Advogado pede R$ 50 mil por ‘angústia’ após alerta falso de Misantropia da Defesa Civil: entenda o caso que expôs falha no sistema nacional

Entenda como o alerta de ‘Misantropia’ da Defesa Civil, que atingiu 30 milhões de brasileiros, gerou um processo judicial por abalo psíquico e violação de dados.

Um episódio insólito envolvendo um alerta falso da Defesa Civil com a palavra Misantropia, que significa aversão à humanidade, agora se desdobra em um processo judicial. O caso, que causou apreensão em milhões de brasileiros, levou um advogado a buscar uma indenização significativa contra o governo federal.

O profissional alega ter sofrido intenso abalo psíquico, emocional e angústia diante da mensagem inesperada. Além disso, ele aponta uma grave violação na proteção de dados pessoais, um tema de crescente preocupação na era digital.

A ação, que já tramita na Justiça Federal do Rio de Janeiro, coloca em evidência a vulnerabilidade dos sistemas de emergência do país e a busca por reparação por danos morais e psicológicos decorrentes de falhas de comunicação em massa, conforme informações obtidas.

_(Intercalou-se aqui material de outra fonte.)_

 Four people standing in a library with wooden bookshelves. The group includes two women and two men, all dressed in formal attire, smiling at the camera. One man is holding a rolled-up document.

O Alerta de ‘Misantropia’ que Virou Caso de Justiça

O incidente ocorreu entre a noite de 19 de junho e a madrugada do dia 20 de junho, quando milhões de celulares em pelo menos sete estados e no Distrito Federal receberam alertas da Defesa Civil. As mensagens, com a palavra Misantropia, variavam em conteúdo, algumas até mencionando um ‘ataque alienígena’.

Estima-se que cerca de 30 milhões de brasileiros foram impactados por esses avisos. A repercussão foi imediata, gerando confusão e preocupação em todo o país. A Secretaria Nacional de Defesa Civil rapidamente se pronunciou, alegando um ataque cibernético.

A Polícia Federal (PF) iniciou uma investigação para apurar a origem do incidente, focando justamente na hipótese de um ataque cibernético, o que levanta sérias questões sobre a segurança dos sistemas de comunicação de emergência no Brasil.

Os Danos Alegados e a Ação Judicial

O advogado Marcelo da Silva Trovão foi um dos muitos que receberam o alerta e, na noite do dia 20 de junho, protocolou uma ação na Justiça Federal do Rio de Janeiro. Ele busca uma indenização de R$ 50 mil do governo federal, alegando ter sofrido ‘abalo psíquico, abalo emocional e angústia’.

A ação tramita no Juizado Especial Federal da 35ª Vara Federal do estado. Trovão não se limitou aos danos morais, mas também apontou a violação à proteção dos dados pessoais no meio digital, mencionando a responsabilidade da Agência Nacional de Proteção de Dados (ANPD) no caso.

A alegação de violação de dados adiciona uma camada de complexidade ao processo, destacando a importância da segurança das informações em um cenário de comunicação massiva e urgente, como os alertas de Defesa Civil.

Andamento do Processo e Próximos Passos

Nesta terça-feira, dia 7, o juiz Pedro Guermandi Hernandez, responsável pelo caso, determinou a intimação da Advocacia-Geral da União (AGU). Essa etapa é crucial para que o governo federal apresente sua defesa e esclarecimentos sobre o ocorrido.

O advogado Marcelo Trovão chegou a solicitar uma liminar para garantir a preservação dos registros do incidente. Contudo, o magistrado entendeu que a comprovação do evento já era possível por meio dos documentos presentes nos autos, e que não havia risco de perda das informações.

Agora, a AGU tem um prazo de 30 dias para responder à ação. Durante esse período, deverá apresentar toda a documentação necessária para os esclarecimentos e as provas que pretende produzir, marcando mais um capítulo neste processo que busca responsabilização pelo incidente da Misantropia.

Repercussão e Vulnerabilidade do Sistema

O ‘Alerta de Misantropia‘ não foi apenas um evento isolado, mas expôs uma significativa vulnerabilidade do sistema brasileiro para emergências. A facilidade com que um alerta falso, e até fantasioso, pôde ser disparado para milhões de pessoas gerou um amplo debate sobre a segurança e a confiabilidade das ferramentas de comunicação governamentais.

Especialistas e a mídia destacaram o perigo global exposto por este alerta falso, que pode ter consequências graves em situações reais de emergência. A necessidade de um sistema mais robusto e à prova de ataques cibernéticos se tornou uma pauta urgente após o ocorrido.

Este caso judicial, portanto, vai além da busca por uma indenização individual. Ele representa um questionamento sobre a capacidade do Estado de proteger seus cidadãos, tanto de ameaças físicas quanto de falhas em seus próprios sistemas de comunicação, que podem gerar pânico e danos psicológicos em larga escala.